Company and Securities Law Journal
- Discipline: Law
- Language: English

Publication details
- History: 1982-
- Publisher: Law Book Co, Sydney (Australia)
- Frequency: bimonthly (since 1989)

Standard abbreviations
- ISO 4: Co. Secur. Law J.

Indexing
- ISSN: 0729-2775

Links
- Journal homepage;

= Company and Securities Law Journal =

The Company and Securities Law Journal is a peer-reviewed law journal published in Australia since 1982.

The general editor is Edmund Finnane. The editorial board includes Reginald Ian Barrett, Simon McKeon and Ian Ramsay.

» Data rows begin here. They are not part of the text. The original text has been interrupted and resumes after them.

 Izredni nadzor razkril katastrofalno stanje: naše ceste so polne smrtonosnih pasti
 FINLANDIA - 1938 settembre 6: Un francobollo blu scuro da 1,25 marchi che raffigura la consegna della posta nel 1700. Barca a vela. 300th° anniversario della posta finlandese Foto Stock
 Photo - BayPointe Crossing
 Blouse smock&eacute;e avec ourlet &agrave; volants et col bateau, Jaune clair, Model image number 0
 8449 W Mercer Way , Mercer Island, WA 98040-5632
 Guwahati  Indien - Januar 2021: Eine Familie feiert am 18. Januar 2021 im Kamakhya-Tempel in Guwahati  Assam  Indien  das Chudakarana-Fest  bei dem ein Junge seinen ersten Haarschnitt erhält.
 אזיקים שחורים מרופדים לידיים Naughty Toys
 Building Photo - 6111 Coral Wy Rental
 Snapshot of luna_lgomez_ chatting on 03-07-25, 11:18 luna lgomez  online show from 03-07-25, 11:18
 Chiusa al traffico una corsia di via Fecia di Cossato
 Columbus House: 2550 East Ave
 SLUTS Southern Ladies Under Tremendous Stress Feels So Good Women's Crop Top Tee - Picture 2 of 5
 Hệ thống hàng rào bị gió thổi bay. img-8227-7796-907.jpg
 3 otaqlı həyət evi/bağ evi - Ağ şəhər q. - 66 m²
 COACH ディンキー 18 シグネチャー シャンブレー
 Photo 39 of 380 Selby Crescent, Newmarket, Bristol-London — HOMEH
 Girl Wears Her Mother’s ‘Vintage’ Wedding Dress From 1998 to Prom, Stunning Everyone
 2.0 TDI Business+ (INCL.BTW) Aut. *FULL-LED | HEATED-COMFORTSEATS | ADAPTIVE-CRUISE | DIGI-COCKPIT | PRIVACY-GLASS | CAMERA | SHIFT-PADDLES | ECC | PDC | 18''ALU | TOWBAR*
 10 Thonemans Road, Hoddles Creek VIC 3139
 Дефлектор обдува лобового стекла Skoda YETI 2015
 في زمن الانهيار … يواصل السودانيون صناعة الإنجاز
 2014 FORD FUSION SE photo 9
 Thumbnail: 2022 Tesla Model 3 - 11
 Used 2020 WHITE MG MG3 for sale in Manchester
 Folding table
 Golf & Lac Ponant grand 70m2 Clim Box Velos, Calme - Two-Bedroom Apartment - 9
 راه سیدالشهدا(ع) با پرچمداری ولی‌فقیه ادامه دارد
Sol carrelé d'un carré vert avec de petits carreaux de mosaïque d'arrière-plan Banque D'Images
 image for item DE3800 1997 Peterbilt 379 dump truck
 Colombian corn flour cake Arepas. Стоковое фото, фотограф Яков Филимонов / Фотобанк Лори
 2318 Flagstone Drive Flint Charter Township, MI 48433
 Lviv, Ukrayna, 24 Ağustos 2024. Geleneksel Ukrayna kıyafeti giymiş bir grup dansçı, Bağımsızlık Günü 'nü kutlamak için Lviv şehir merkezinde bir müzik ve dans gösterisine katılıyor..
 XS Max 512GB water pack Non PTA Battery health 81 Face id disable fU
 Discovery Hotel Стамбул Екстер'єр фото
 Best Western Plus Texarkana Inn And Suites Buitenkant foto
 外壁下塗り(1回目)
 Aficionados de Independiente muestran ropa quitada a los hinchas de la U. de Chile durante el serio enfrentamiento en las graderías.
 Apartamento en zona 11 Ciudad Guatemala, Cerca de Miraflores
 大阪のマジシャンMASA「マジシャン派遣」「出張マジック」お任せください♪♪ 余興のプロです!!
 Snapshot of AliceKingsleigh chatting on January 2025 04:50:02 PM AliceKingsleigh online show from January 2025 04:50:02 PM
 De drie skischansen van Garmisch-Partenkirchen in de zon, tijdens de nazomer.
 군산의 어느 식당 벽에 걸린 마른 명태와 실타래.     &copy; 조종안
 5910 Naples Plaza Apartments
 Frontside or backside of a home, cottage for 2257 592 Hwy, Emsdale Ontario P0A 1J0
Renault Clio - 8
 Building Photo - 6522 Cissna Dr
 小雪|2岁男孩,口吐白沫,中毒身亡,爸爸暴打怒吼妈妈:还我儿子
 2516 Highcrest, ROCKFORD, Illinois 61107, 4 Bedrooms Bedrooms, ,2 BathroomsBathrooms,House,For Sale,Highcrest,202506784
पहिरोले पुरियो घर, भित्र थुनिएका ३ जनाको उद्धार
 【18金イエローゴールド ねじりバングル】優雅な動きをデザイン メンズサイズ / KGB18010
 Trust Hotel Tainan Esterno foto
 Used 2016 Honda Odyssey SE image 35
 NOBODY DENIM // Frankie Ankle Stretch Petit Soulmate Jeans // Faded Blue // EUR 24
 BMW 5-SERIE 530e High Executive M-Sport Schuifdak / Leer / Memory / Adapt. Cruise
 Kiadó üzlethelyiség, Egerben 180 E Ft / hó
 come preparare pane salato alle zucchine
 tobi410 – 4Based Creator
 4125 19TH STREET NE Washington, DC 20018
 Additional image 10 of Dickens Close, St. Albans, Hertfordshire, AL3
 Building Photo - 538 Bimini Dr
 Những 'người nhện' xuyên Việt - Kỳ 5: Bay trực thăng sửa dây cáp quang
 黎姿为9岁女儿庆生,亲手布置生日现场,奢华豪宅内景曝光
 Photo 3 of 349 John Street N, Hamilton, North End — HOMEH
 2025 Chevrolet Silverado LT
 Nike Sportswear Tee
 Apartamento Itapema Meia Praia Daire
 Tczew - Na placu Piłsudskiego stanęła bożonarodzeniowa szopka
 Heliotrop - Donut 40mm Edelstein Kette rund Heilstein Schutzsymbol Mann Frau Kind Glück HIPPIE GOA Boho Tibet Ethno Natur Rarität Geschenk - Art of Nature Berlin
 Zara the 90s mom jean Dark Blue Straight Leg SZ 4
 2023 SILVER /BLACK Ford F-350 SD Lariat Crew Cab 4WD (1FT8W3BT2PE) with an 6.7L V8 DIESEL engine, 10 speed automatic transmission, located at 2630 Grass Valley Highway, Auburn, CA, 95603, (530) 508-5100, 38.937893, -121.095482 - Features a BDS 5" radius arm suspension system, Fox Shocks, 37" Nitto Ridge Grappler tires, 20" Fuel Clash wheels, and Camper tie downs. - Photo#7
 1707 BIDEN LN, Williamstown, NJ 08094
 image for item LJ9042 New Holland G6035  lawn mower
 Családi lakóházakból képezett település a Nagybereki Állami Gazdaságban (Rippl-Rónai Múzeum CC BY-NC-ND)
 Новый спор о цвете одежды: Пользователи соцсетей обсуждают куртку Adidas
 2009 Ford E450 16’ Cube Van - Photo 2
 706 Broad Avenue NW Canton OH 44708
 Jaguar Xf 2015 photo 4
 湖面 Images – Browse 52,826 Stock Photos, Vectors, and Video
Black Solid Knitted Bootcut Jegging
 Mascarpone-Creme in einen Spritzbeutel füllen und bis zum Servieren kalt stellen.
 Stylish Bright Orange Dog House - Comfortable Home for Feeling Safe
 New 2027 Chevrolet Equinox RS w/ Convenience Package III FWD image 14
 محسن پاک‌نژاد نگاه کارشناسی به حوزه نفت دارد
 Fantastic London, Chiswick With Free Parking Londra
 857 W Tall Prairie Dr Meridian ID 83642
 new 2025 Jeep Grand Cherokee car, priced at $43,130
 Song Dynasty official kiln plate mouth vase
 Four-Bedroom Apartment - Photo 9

The journal offers coverage of:
- Company Law
- Takeovers and Public Securities
- Corporate Insolvency
- Corporate Finance
- Securities Industry and Managed Investments
- Current Developments, Legal and Administrative
- Accounting
- Directors' Duties and Corporate Governance
- Overseas Notes: New Zealand, United Kingdom and Europe, United States of America, Canada, Hong Kong, Singapore and Malaysia.

== Journal rankings ==
The Australian Business Deans Council has given this journal a quality rating of "A". The Australian Research Council has ranked this journal in the "C" tier, although the methodology and utility of such rankings has been challenged by Australian legal scholars and the responsible minister has indicated that this ranking system will be discontinued.